Kann Psychoonkologie die körperliche Heilung unterstützen?
Psychoonkologie kann die Gesundheit insgesamt fördern, indem sie den emotionalen Zustand und die Lebensqualität verbessert. Eine positive Einstellung und ein gesundes emotionales Wohlbefinden können indirekt auch die körperliche Genesung unterstützen.

Ist Psychoonkologie nur für Patienten mit schweren emotionalen Problemen?
Nein, Psychoonkologie kann auch für Patienten hilfreich sein, die keine schweren emotionalen Probleme haben. Sie bietet Unterstützung, emotionale Bewältigung und eine Plattform für offene Gespräche und Fragen.

Wird Psychoonkologie von der Krankenkasse übernommen?
In vielen Ländern und Regionen werden psychotherapeutische Leistungen, einschließlich Psychoonkologie, von der Krankenkasse oder anderen Versicherungsanbietern teilweise oder vollständig erstattet. Es ist wichtig, die Deckung und die Bedingungen im Voraus zu klären.

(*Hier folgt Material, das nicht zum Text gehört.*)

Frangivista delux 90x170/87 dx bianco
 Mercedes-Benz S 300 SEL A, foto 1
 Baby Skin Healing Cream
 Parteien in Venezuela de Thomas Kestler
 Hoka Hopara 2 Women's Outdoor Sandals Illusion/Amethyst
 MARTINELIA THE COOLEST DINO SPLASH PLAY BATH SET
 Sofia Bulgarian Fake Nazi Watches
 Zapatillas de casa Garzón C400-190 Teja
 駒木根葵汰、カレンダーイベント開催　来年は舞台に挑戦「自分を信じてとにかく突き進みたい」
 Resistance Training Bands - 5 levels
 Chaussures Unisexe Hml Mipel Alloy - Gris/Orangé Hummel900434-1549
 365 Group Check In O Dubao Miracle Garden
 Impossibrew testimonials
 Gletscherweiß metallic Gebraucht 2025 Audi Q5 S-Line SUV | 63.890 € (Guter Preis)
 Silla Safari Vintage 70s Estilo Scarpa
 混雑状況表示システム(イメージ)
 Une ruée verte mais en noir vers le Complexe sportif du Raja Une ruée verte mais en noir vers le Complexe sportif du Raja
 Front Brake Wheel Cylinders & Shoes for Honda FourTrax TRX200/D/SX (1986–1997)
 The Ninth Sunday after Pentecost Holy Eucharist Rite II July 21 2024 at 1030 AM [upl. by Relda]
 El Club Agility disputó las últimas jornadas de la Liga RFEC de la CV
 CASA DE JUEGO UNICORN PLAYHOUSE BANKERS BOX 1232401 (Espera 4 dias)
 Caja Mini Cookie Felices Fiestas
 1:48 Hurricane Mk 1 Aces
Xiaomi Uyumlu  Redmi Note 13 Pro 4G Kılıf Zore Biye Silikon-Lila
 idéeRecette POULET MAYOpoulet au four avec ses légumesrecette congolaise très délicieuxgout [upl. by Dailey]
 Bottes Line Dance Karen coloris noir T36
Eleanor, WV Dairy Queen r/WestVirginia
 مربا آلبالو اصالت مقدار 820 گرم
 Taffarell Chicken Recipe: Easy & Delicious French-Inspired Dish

Gibt es Selbsthilfestrategien, die in der Psychoonkologie empfohlen werden?
Ja, Psychoonkologen können Selbsthilfestrategien wie Entspannungsübungen, Achtsamkeit, Atemtechniken und das Führen eines Tagebuchs empfehlen. Diese können dazu beitragen, den Umgang mit emotionalen Herausforderungen zu erleichtern.

Bitte beachten Sie, dass diese FAQ allgemeine Informationen bieten und nicht als Ersatz für professionelle medizinische Beratung oder psychotherapeutische Unterstützung dienen.